Di balik peta dunia resmi yang dihiasi oleh negara-negara berdaulat, terdapat entitas-entitas politik bayangan yang hidup dalam ketegangan geopolitik. Mereka dikenal sebagai proto-state, wilayah yang menguasai dirinya sendiri secara de facto tanpa pengakuan penuh dari komunitas internasional. Meski tak duduk di kursi PBB atau memiliki hubungan diplomatik formal, proto-state ini saling menjalin kerja sama lintas batas demi bertahan hidup. Relasi antar mereka berkembang diam-diam, membangun jaringan rahasia di tengah konflik dan kekosongan kekuasaan.

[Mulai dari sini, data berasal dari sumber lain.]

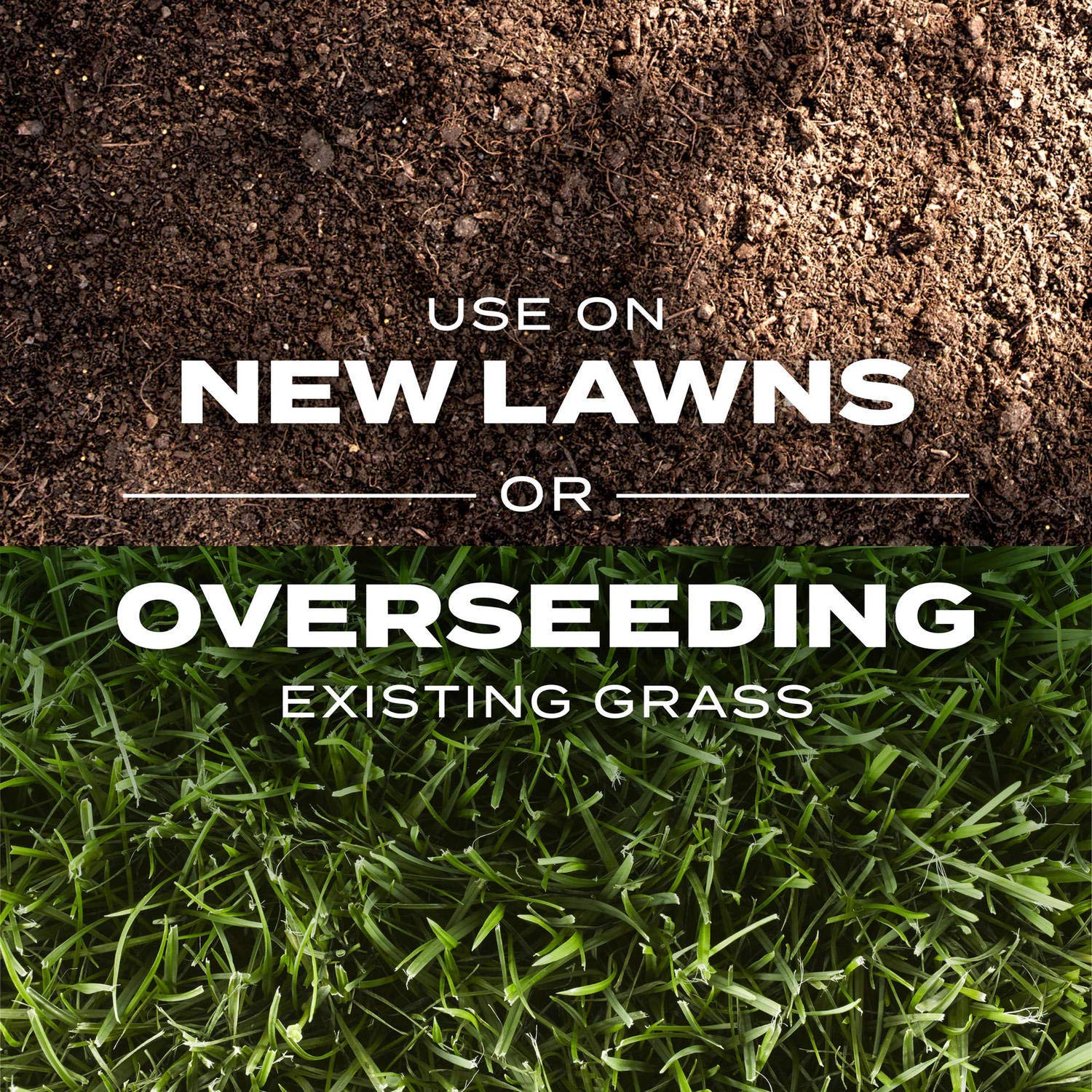 Scotts overseeding on existing lawn highlighting thicker turf restoration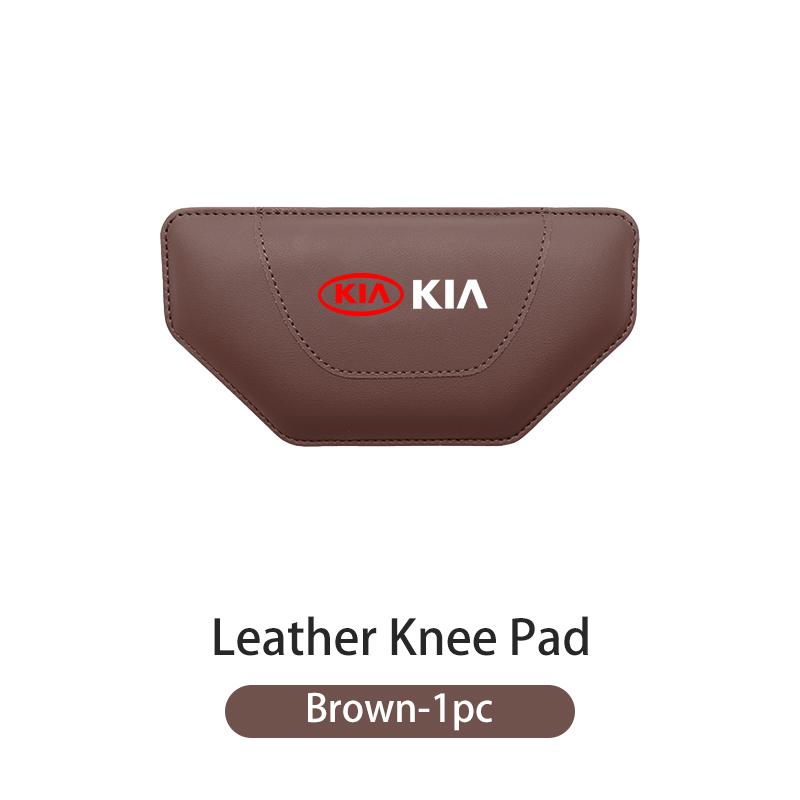 AAOI1 For KIA Car Leather Knee Pad Leg Pad Hand Inside Armrest Leg Pad Support Accessories Sorento Stinger Soul Spectra Niro Cadenza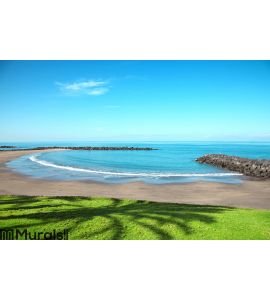Beach in Playa de las Americas, Tenerife Wall Mural Wall art Wall decor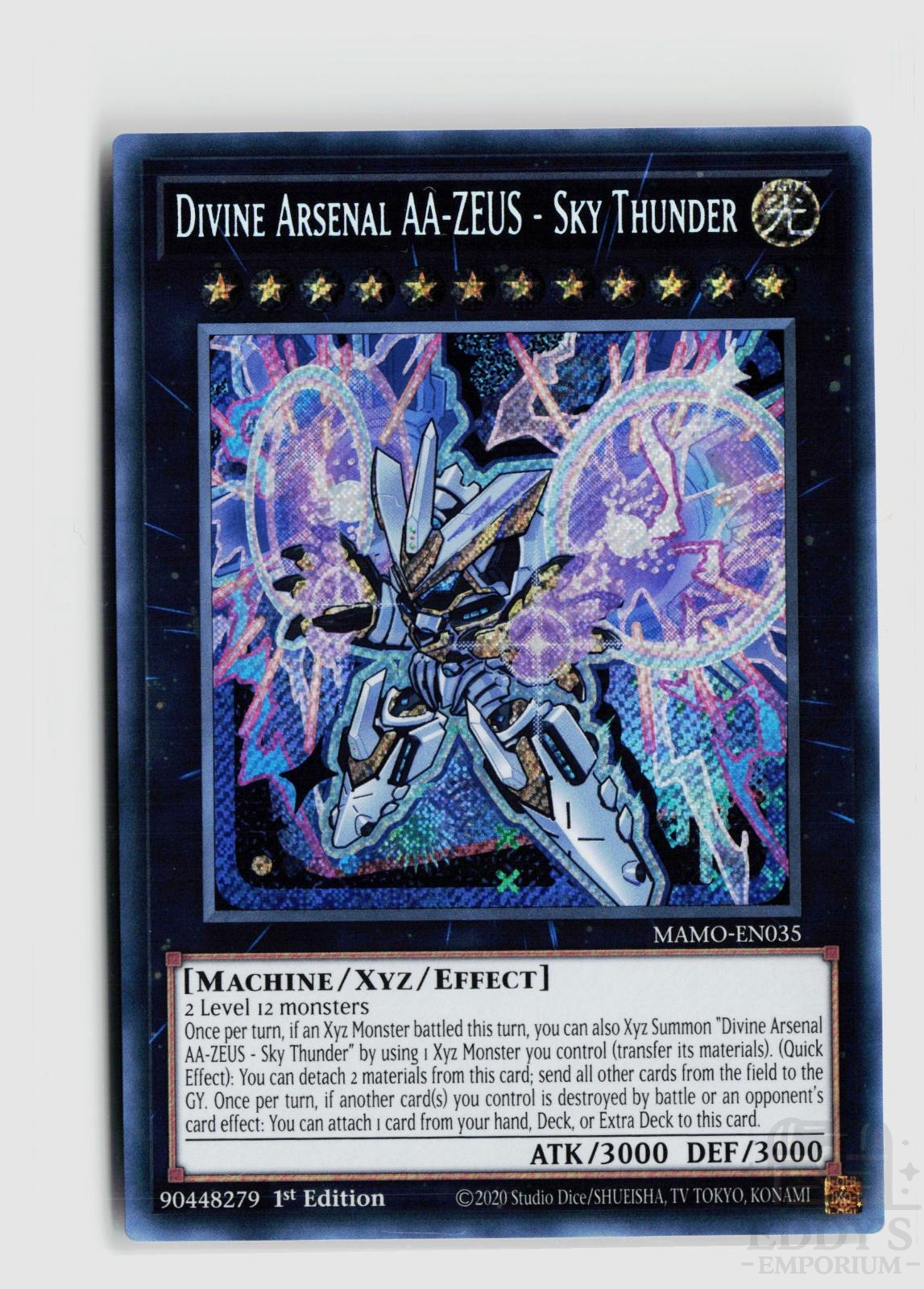 Divine Arsenal AA-ZEUS - Sky Thunder (Secret Rare) MAMO-EN035 Magnificent Monsters Yu-Gi-Oh 1st Edition NM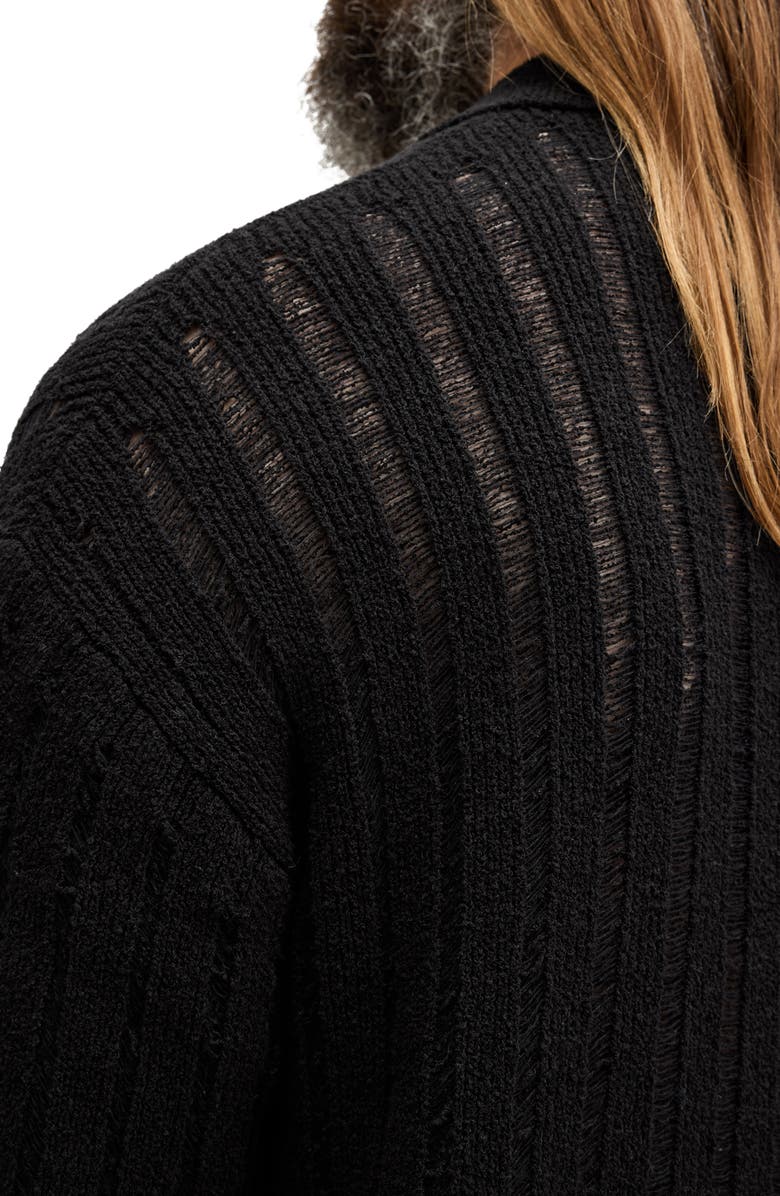 AllSaints Miller Rib Polo Sweater, Alternate, color, 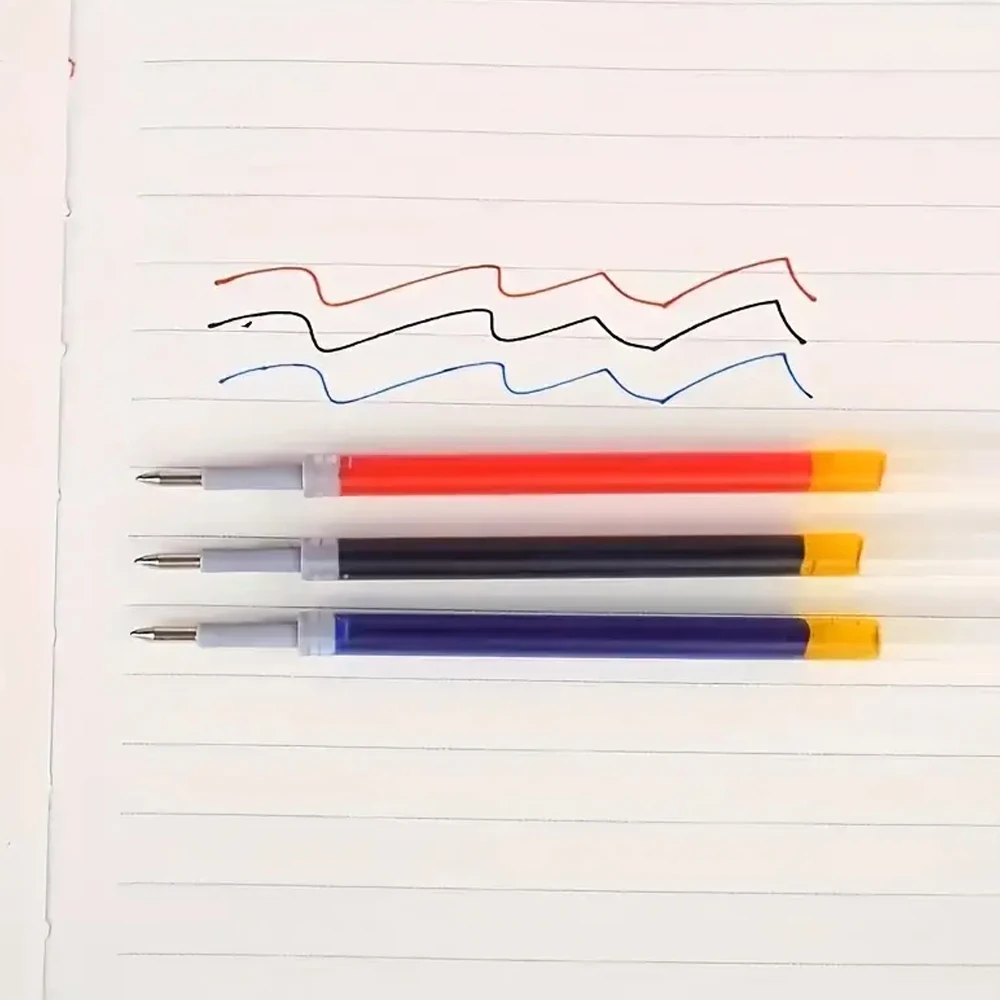 1-63Pc Retractable Gel Pens Set Black/red/blue Ink Ballpoint for Writing 0.5mm Refills Office Accessory School Supply Stationery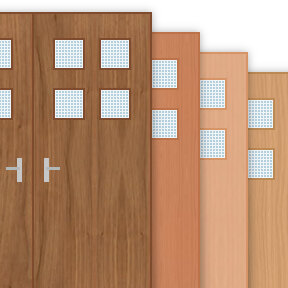 More info about 60 Minute Double Fire Door with 200x200mm Square Panes x 4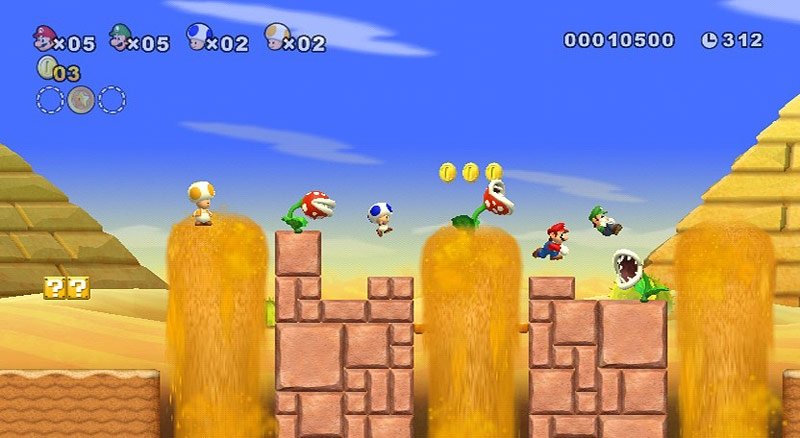 New Super Mario Bros. Wii — скриншот 4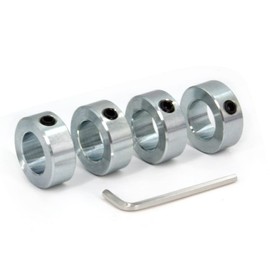 Zeberoxyz 4pcs 7/8" Bore Shaft Collars Sets-Screw Style Zinc Plated Solid Steel Lock Collars with 1-1/2"Outer Diameter and 9/16"Width for Drive shafts, The Automotive Industry etc.(7/8", Zinc Plated)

Di kawasan Kaukasus dan Eropa Timur, proto-state seperti Abkhazia dan Ossetia Selatan di Georgia menjalin hubungan erat dengan Republik Donetsk dan Lugansk di Ukraina Timur. Empat wilayah ini sama-sama muncul di tengah konflik bersenjata dan ketegangan geopolitik yang melibatkan Rusia dan negara-negara Barat. Meski terpisah jarak ribuan kilometer, mereka saling mengakui eksistensi satu sama lain sebagai negara merdeka. Pengakuan tersebut menjadi fondasi awal bagi relasi politik dan militer yang lebih erat.
Kerja sama antar proto-state di kawasan itu tidak sekadar simbolis. Abkhazia dan Ossetia Selatan menjalin perjanjian pertahanan bersama dengan Donetsk dan Lugansk. Beberapa kali perwakilan mereka bertemu dalam forum-forum tidak resmi, membahas koordinasi keamanan serta pertukaran informasi intelijen. Selain itu, ada aktivitas ekonomi terbatas, seperti barter logistik dan suplai barang yang tidak bisa diakses melalui jalur resmi akibat sanksi internasional.
Rusia memegang peranan penting sebagai patron dalam jejaring tersebut. Selain memberi perlindungan militer dan dukungan ekonomi, Moskow memfasilitasi kerja sama antar proto-state itu sebagai bagian dari strategi geopolitik untuk menekan Barat. Mereka menjadi benteng kepentingan Rusia di wilayah strategis Kaukasus dan Donbas, sekaligus model bagaimana proto-state bisa bertahan dan bahkan berkembang dalam isolasi internasional.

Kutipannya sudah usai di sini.